À l'ombre d'un chapeau

Publié le par la freniere

 

Nous dormons tous sur un champ de mines. On joue avec la mort. L’espérance est exsangue. Des milliers d’exploités, de femmes battues, d’enfants estropiés parcourent ma langue. Les cris des abattoirs transpercent mes tympans. Entre ce que nous savons et ce que nous sommes, un écart se creuse. Le pont des mots n’arrive plus à joindre les deux rives. À l’ombre d’un chapeau, j’ajuste mes lunettes. J’aimerais croire qu’une virgule, une pensée, un pinceau, une corde pincée, puisse transformer le monde. À force de paperasse, de matricules, de lois, on se laisse déposséder, jusqu’à n’être plus personne. On reste à la périphérie de l’âme, prisonniers dans le discours des choses. À force de n’être jamais libre, on n’est plus qu’une poussière sur un parterre de peur.
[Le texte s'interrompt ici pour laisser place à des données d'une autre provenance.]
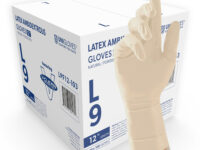 CLEANROOM GLOVES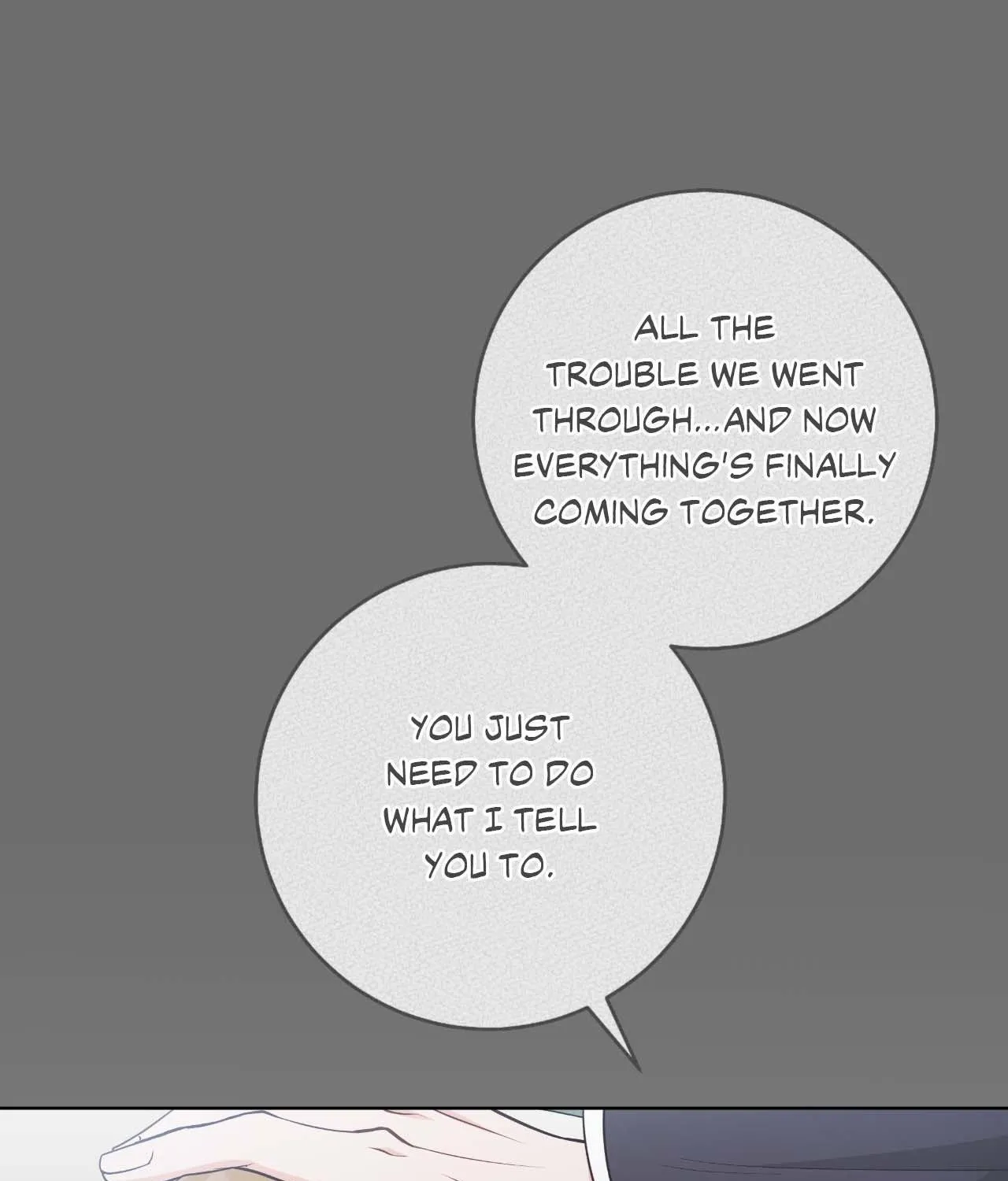 Read Devil (Yuwon) chapter 33 image 77 on Lezhin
La nuit court, ce matin, dans ses vêtements trop courts, un manteau d’heures sur le dos, plein de trous de mémoire. Elle ne veut pas dormir. Elle me laisse du noir dans les mains, des rêves dans un pot de café. Ils font des bulles dans le capuccino. J’ai bâillonné les ondes. Les discours quotidiens nous empêchent d’écrire. Il faut forcer le ton, briser la ligne amnésique des slogans et des publicités polluant le silence. Je n’écoute plus tous ces mensonges. Je m’accroche aux images simples de l’enfance, à la métaphysique des fleurs, à la scansion du vent. Je fais des ready-made avec les lieux communs. En retournant la veste du langage, les coutures apparaissent, les accrocs, les taches de sueur. Les anges qui n’ont pas d’ailes apprennent à voler. Les mains fleurissent sur la tige des bras.

Je serais déjà mort sans mes enfants à dire, sans une morte à chanter, une vivante à aimer. Je serais muet sans le chant des oiseaux. Je serais déjà vendu sans un grain de révolte. Je ne saurais plus lire sur le visage d’une main. Je serais sans espoir sans les mots pour amis. Comment tiennent-ils debout ? Même couchés sur la page, ils redressent l’échine. Je ne compte plus mes pas. J’avance sans faire l’élastique. Je préfère la nausée au verbiage hypocrite, celle des femmes enceintes ou des mots en révolte. Ceux qui possèdent nous dépossèdent. Le savent-ils qu’une nouvelle Mercédès tue des milliers d’enfants, que leur garage chauffé l’hiver nous fait mourir de froid ? Le barre code a remplacé la génétique. Le rêve perd sa voix dans l’inventaire des DOS. Du catholique au cathodique, la finance mène encore le monde. Je m’accroche à ma langue dans un Babel numérique. Elle est comme une échine pour redresser l’espoir, une rosée dans l’encre, un livre de poèmes oublié sur un banc, une source d’eau vive hors des sentiers battus. Il n’y a pas de poème sans amour ni de vie sans magie.